The data are available in a convenient spreadsheet (2016Q4 data). We’re going to proceed assuming that the hp1604.xlsx spreadsheet is saved in a data folder.

Using readxl

I began this update attempting to read the data in the following manner (which works). In this example, which we will improve upon, I first read in each separate sheet and then do some data manipulations.

First load our libraries:

library(tidyverse)
## Loading tidyverse: ggplot2
## Loading tidyverse: tibble
## Loading tidyverse: tidyr
## Loading tidyverse: readr
## Loading tidyverse: purrr
## Loading tidyverse: dplyr
## Conflicts with tidy packages ----------------------------------------------
## filter(): dplyr, stats
## lag():    dplyr, stats
library(data.table)
## 
## Attaching package: 'data.table'
## The following objects are masked from 'package:dplyr':
## 
##     between, first, last
## The following object is masked from 'package:purrr':
## 
##     transpose
library(ggthemes,quietly=T,warn.conflicts=F)
library(readxl)
library(stringr)

Now we could do things this way:

###############################################################################
#### Read in HPI data  ##########################################
df<-read_excel("data/hp1604.xlsx", sheet = "HPI")
colnames(df)[1]<-"cycle"  # rename first column
df$year<-substr(df$cycle,1,4) #create a year
df$month<-substr(df$cycle,7,7) #create a
df$date<-as.Date(ISOdate(df$year,df$month,1))
df %>% select(-X__2,-cycle,-year,-month) %>% 
  gather(country,hpi,-date) ->hpi.df
###############################################################################

###############################################################################
#### Read in Real HPI data  ##########################################
df<-read_excel("data/hp1604.xlsx", sheet = "RHPI")
colnames(df)[1]<-"cycle"
df$year<-substr(df$cycle,1,4)
df$month<-substr(df$cycle,7,7)
df$date<-as.Date(ISOdate(df$year,df$month,1))
df %>% select(-X__2,-cycle,-year,-month) %>% 
  gather(country,rhpi,-date) ->rhpi.df
###############################################################################

###############################################################################
#### Read in Disposable Income data  ############################
df<-read_excel("data/hp1604.xlsx", sheet = "PDI")
colnames(df)[1]<-"cycle"
df$year<-substr(df$cycle,1,4)
df$month<-substr(df$cycle,7,7)
df$date<-as.Date(ISOdate(df$year,df$month,1))
df %>% select(-X__2,-cycle,-year,-month) %>% 
  gather(country,pdi,-date) ->pdi.df
###############################################################################

###############################################################################
#### Read in Rea Disposable Income data  ############################
df<-read_excel("data/hp1604.xlsx", sheet = "RPDI")
colnames(df)[1]<-"cycle"
df$year<-substr(df$cycle,1,4)
df$month<-substr(df$cycle,7,7)
df$date<-as.Date(ISOdate(df$year,df$month,1))
df %>% select(-X__2,-cycle,-year,-month) %>% 
  gather(country,rpdi,-date) ->rpdi.df
###############################################################################

###############################################################################
#### Merge data together data  ############################
###  Requires data.table() package ************************
dt<-merge(hpi.df,rhpi.df,by=c("date","country"))
dt<-merge(dt,pdi.df,by=c("date","country"))
dt<-merge(dt,rpdi.df,by=c("date","country"))
dt<-data.table(dt)[year(date)>0,]
###############################################################################

While this works, and isn’t too bad, it could get really old if we had 10s or hundreds of worksheets to chew through.

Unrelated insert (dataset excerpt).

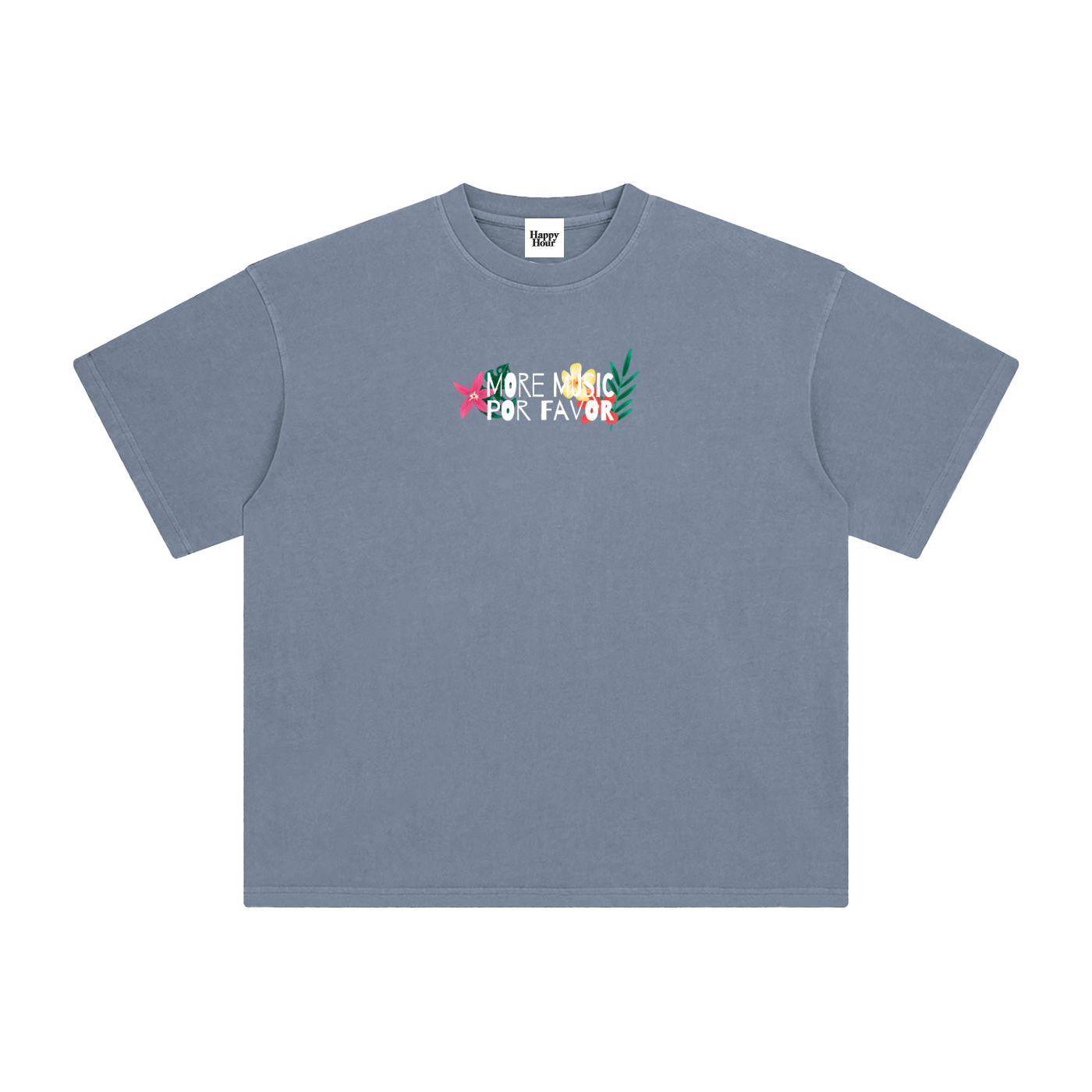 MORE MUSIC T-SHIRT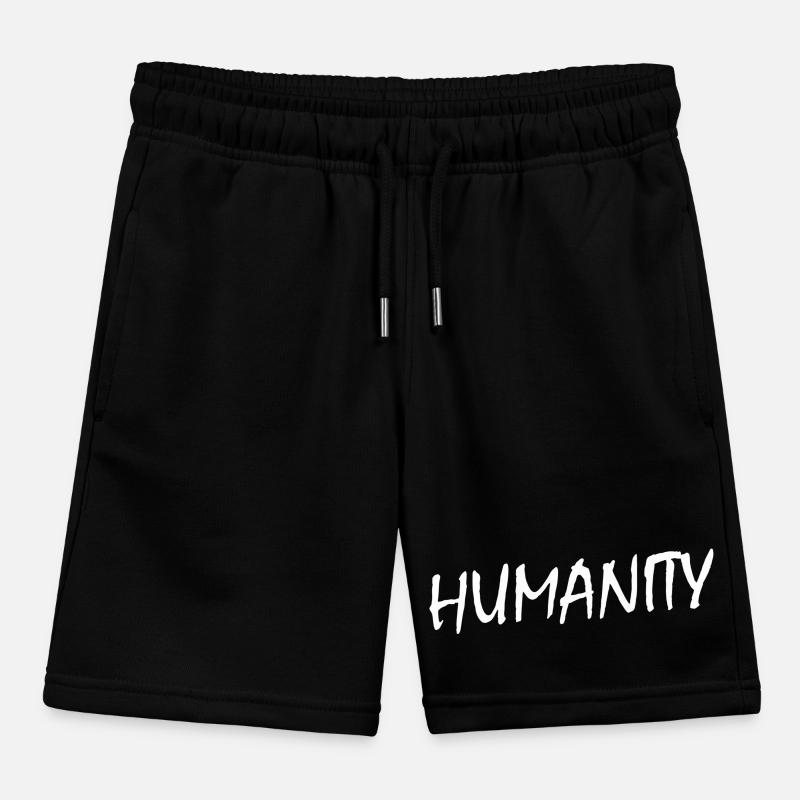 Humanity Kids Organic Sweat Shorts by Stanley/Stella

Fortunately, we have a better alternatively using the readxl workflow combined with map_df from the purrr library (available in the tidyverse).

# path to data
path <-"data/hp1604.xlsx"

###########################################################################
#  We'll omit this step, hard coding instead

#  xl.list<-path %>% excel_sheets()   #get a list of sheet names
###########################################################################

df <- c("HPI","RHPI","PDI","RPDI") %>%   #iterate over four sheets
      set_names() %>% 
  
      # Now for something magical!
  
      map_df(~ read_excel(path = path, sheet = .x), .id = "sheet")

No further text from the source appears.